After securing the crotch buckle, leave the chest clip open and lower it down as far as possible. Pull the harness up so that the straps lie flat against your child's chest and over his hips in a straight line without any twists or folds. Push down on the crotch buckle to remove the harness slack at your child’s hips, and pull up on the harness in the torso area to transfer the slack up towards the shoulders. Next, pull the harness adjuster strap at the bottom of the seat to tighten the straps. Once you have removed all visible slack from the harness, ensure that it passes the Pinch Test.
The Pinch Test is the best way to determine whether your child’s car seat harness is tight enough, and it should be performed every time you use your seat. After you have fastened and tightened the straps, try to pinch the harness webbing horizontally above the chest clip at your child’s collarbone. If you are able to pinch and hold any harness webbing between your thumb and index finger, the harness is too loose. The harness is considered tight enough when you are unable to pinch ANY webbing between your fingers.
Once you have pulled the harness snug (pass the Pinch Test), slide the chest clip up and secure it at armpit level. The chest clip must be positioned level with your child’s armpit height every single time.

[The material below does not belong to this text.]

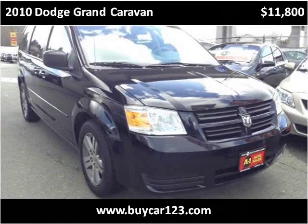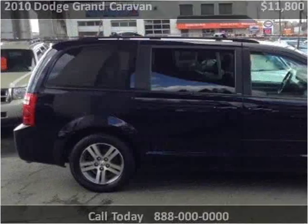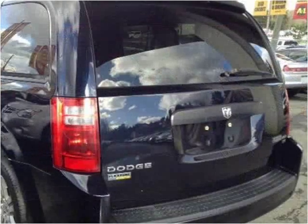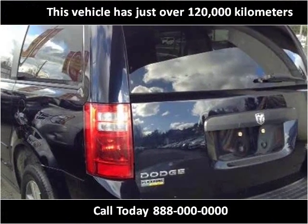This 2010 Dodge Grand Caravan is available from ByCar123. This vehicle has just over 120,000 km.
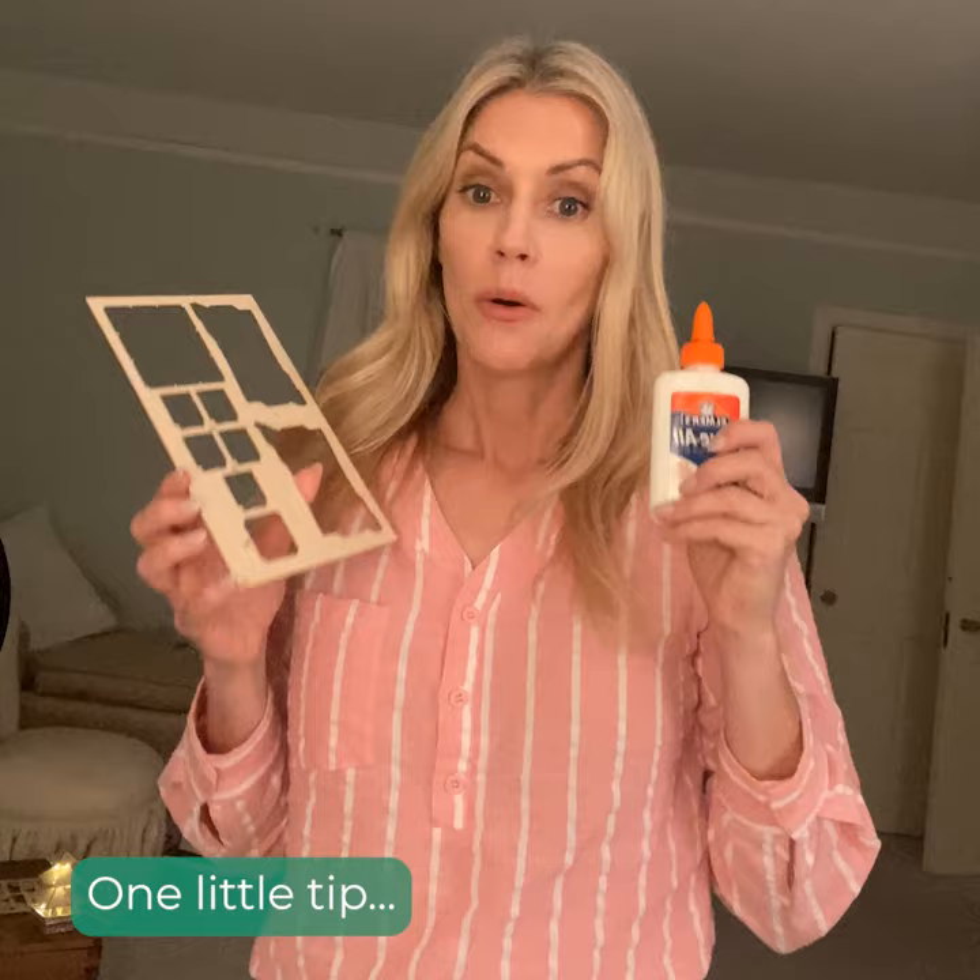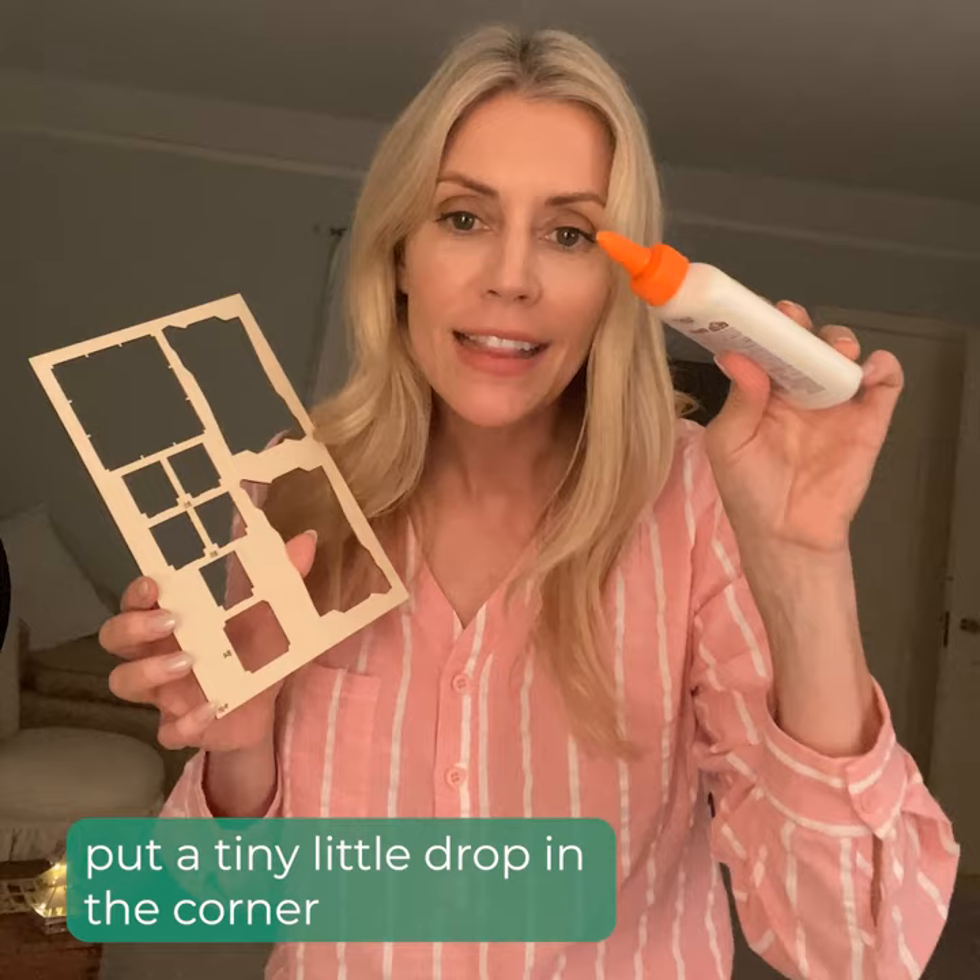Ta-da! One little tip: if you have a little bit of this at home, put a tiny little drop in the corner.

PRO TIP: for exact chest clip placement every single time, the Road Coat features a red alignment marker stitched on either side of the zipper within the inner jacket panel of the Road Coat to help you correctly identify where the chest clip should sit on your child. This red marker provides a visual guide and should be visible below the bottom edge of your seat’s chest clip. It’s the little but life-changing features like this and the split collar construction that allows the car seat harness to safely pass through the collar without adding any bulk that is true game-changers!!
Harness placement is more important than people appreciate. When a child is secured using the wrong harness slots, the seat cannot perform as designed. In the event of a crash, having the straps too high or too low can lead to excessive head movement, resulting in injuries that could have easily been prevented. In fact, having the harness straps incorrectly positioned can be equally dangerous to the straps being too loose.
Here’s the takeaway: Verify that the harness is snug every time you place your child in the car seat. Follow your car seat manufacturer’s instructions regarding when and how to adjust the harness, making sure to check the fit and readjust as your child grows. Take a moment and confirm that you’re using the CORRECT harness slots. You could save your child’s life!